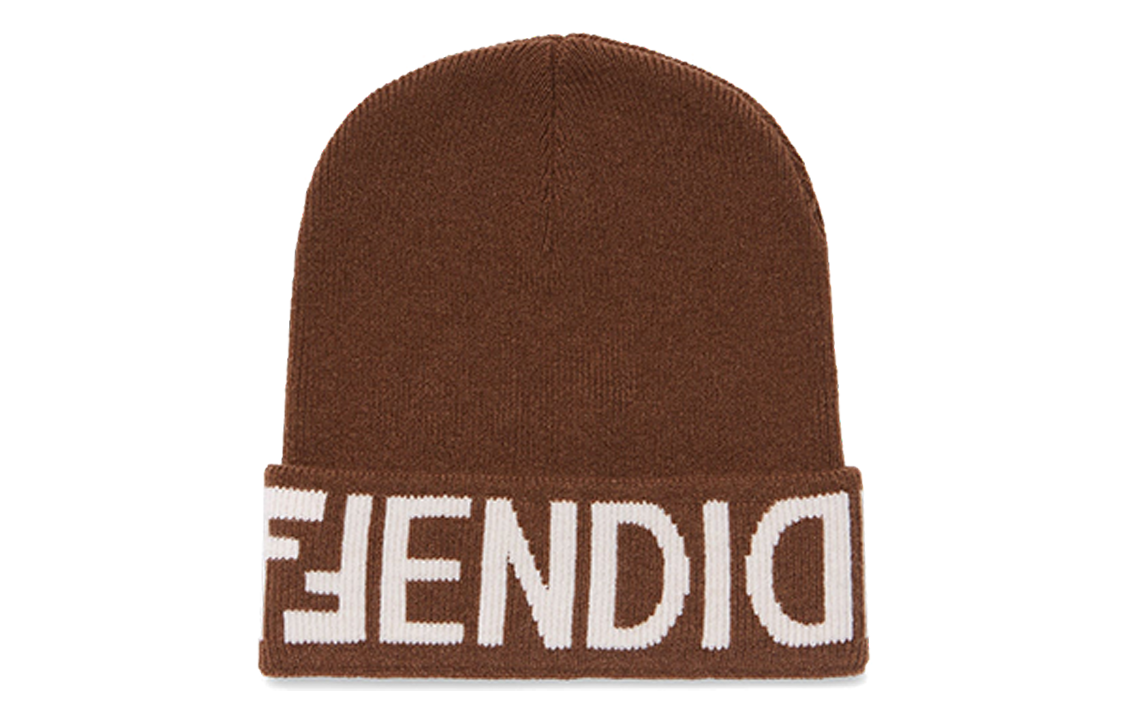 Женская шапка Fendi из шерсти (коричневая)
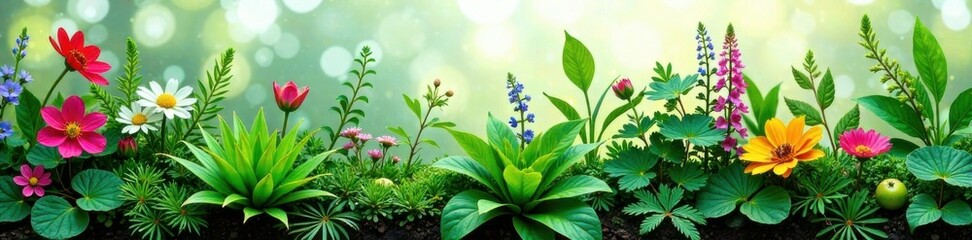 Naklejka premium Diverse collection of forest herbs and foliage, forest, herbs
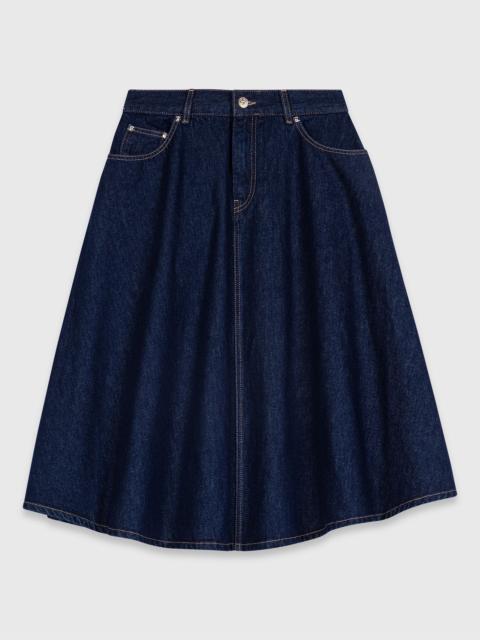 maje Mid-length flared denim skirt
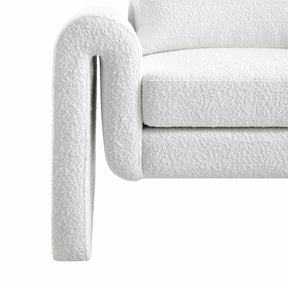 HAND CRAFTED CELESTE WHITE BOUCLE CURVED ARMCHAIR
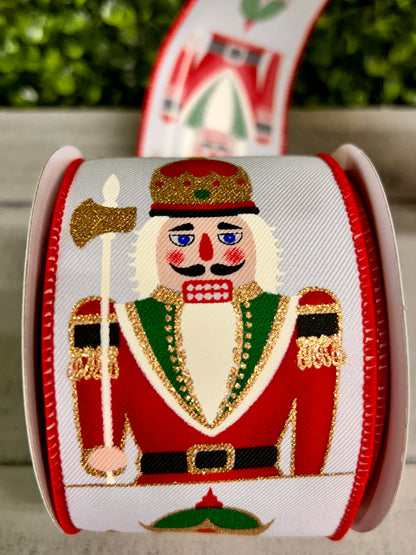 2.5 Inch By 10 Yard Red Gold And White Nutcracker Ribbon
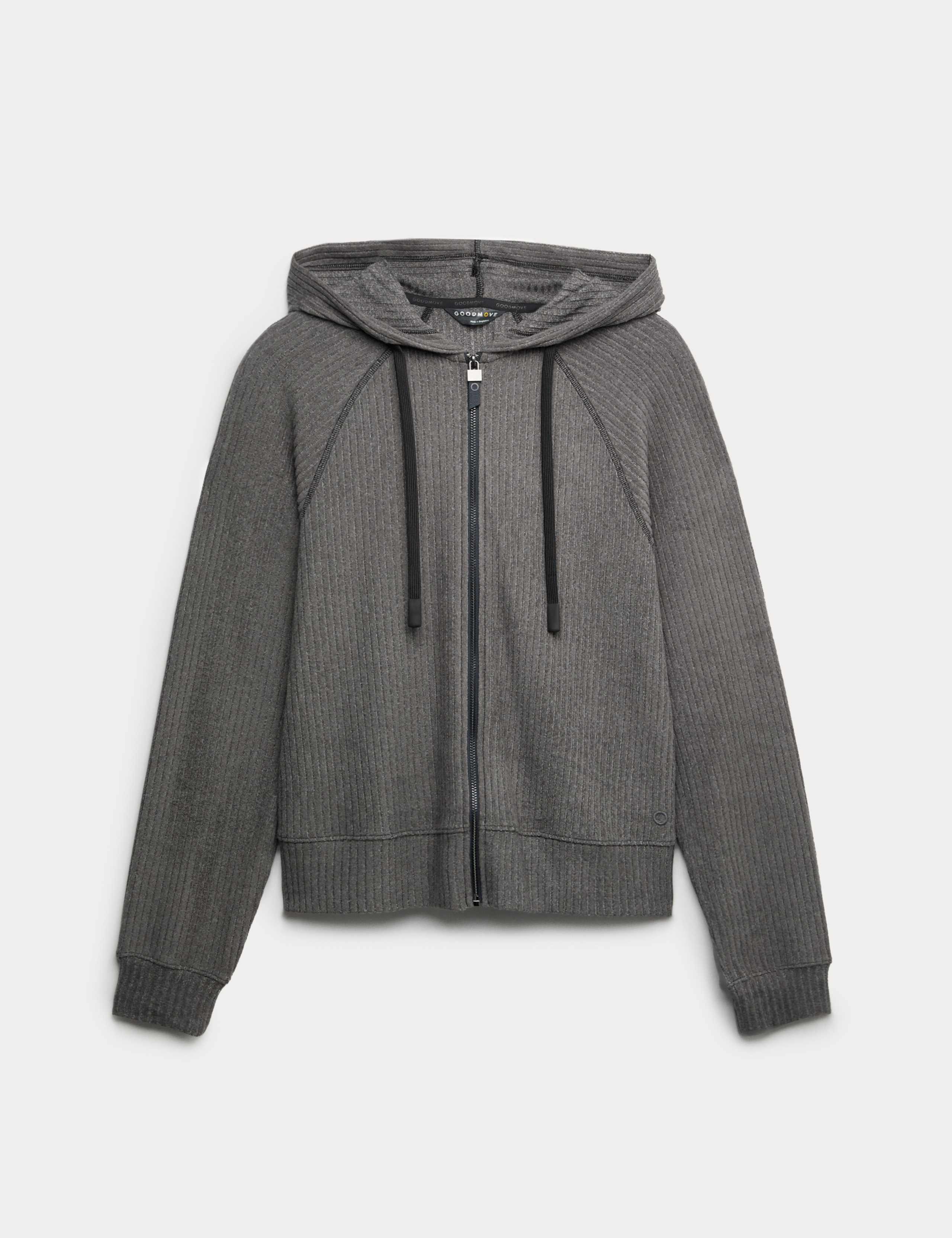 Brushed Rib Zip Up Relaxed Hoodie 2 of 6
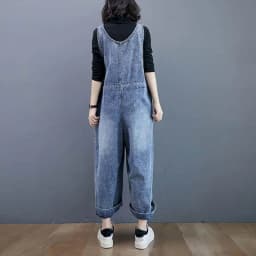 Denim Jumpsuits for Women Autumn Oversized Solid Playsuits Loose High Waist Wide Leg Pants Overalls for Women Clothes One-pieces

........

#### REQUIRED WORK:
The lines from the one that contains "maje Mid-length flared denim skirt" through the end of the data, repeated exactly and with no pictures, make up the whole answer.

#### ANSWER BELOW:
 maje Mid-length flared denim skirt
 HAND CRAFTED CELESTE WHITE BOUCLE CURVED ARMCHAIR
 2.5 Inch By 10 Yard Red Gold And White Nutcracker Ribbon
 Brushed Rib Zip Up Relaxed Hoodie 2 of 6
 Denim Jumpsuits for Women Autumn Oversized Solid Playsuits Loose High Waist Wide Leg Pants Overalls for Women Clothes One-pieces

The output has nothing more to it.